Occasionally I get in these little bubbles of time when I feel that everythings going to be ok ... that I'm doing ok.
There are several things contributing to this moment. First I'm on the brink of my first weekend in a long time with nothing on, nothing doing, nothing expected. No company. No travel. No tasks waiting to be done. All week I've been desperate to get to Friday afternoon. To begin two absolutely free days. Driving home from work Joe said, "How's about we go up to Collingwood for lunch tomorrow?"
"What an absolutley dreadful idea," I thought. Getting in the car and going somewhere didn't interest me in the least. But I smiled and nodded. It is, after all, his weekend too. After getting the mail Joe said, "You didn't seem all that taken with the idea of going to Collingwood for lunch." I told him that I was kind of hoping that we'd just be at home, maybe go into a movie, but mostly just sit around and be alone, at home. That was very cool with him. "Thanks."
But that's not all. I'd just finished teaching a four day class. Every summer I teach two summer school classes. The first on dealing with problem behaviour, the second - starting next week - on understanding sexuality and disability. There were some really, really, nice people in the class this summer. There always are. The thing about summer school is I get to spend some time with those attending, unlike lecturing on the road where it's in and out, and every summer I'm so impressed with the depth of kindness and caring in this field.

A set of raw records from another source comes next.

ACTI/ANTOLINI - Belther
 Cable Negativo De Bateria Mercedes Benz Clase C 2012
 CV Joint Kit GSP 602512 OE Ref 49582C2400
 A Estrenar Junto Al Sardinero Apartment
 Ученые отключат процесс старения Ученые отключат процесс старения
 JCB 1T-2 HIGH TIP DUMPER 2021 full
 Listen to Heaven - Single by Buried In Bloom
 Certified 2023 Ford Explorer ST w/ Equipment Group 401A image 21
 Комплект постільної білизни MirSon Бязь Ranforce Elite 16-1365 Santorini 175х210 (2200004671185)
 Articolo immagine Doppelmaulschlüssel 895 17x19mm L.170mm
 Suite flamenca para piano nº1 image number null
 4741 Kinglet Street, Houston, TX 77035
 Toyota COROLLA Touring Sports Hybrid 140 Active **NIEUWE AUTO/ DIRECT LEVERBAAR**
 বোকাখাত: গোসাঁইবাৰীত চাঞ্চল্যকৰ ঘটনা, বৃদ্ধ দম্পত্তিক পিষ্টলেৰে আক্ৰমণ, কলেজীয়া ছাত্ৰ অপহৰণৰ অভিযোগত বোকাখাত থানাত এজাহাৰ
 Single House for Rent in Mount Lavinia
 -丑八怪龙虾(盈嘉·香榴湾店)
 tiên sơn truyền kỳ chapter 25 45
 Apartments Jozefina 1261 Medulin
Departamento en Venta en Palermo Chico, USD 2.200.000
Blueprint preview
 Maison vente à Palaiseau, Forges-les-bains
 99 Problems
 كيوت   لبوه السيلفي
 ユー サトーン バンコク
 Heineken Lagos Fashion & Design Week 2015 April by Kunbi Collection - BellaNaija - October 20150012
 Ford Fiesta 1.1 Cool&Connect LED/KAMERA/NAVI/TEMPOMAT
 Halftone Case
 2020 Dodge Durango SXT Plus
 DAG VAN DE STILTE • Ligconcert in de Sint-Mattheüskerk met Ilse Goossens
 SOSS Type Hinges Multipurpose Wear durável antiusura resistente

I had the feeling that many were leaving with new ideas and new inspiration for working with people with disabilities. A couple had alread tried some new ideas and were feeling buzzed about what they were doing again. They looked proud to be getting their certificates at the end of the four days. I felt a warm calm settle inside of me, wrap it's fingers around the fear that knaws at me daily. It was a nice feeling.
Then I got home and got a note from a woman with a disability who had attended a class I taught some while back. She wrote me a few days after that and described herself as, "I'm the shy one from your class." I remembered her immediately. Try as I might during the class, I couldn't get her to come up to the front for a role play, or to answer a question. I could tell she wanted to but I could tell that she was held back by some invisible inner force, and inner voice that told her to 'sit down,' 'be quiet,' 'shut up.'
Her note to me had just been a short thank you note. She had enjoyed the day. She thought I was funny. I was pleased. In the note she asked me for something. I wrote her back and told her that it would take me a couple of days to get what she wanted and that if she didn't have it by Sunday, last, to write and nag me for it. I tend to forget email promises in ways I don't forget telephone promises.
There the note was in my email box. A note reminding me to send her what she needed from me. That note was way better than any thank you. It was a demonstration of assertion. It was a practical result of what I had tried to teach. Self esteem. Discovering a voice and using it. I was tired but I immediately set about finding what she wanted and sending it to her. It was done in about half an hour.
It's all good.
I spend my days, like we all do, working towards a better tomorrow. A brighter future. I spend my energy fighting fights that shouldn't need to be fought. Arguing for things that should be self evident. Frustrated with caring systems that don't seem to care. Yada. Yada. Yada.
But today. It's good.
I'm going to enjoy the good for a couple of days.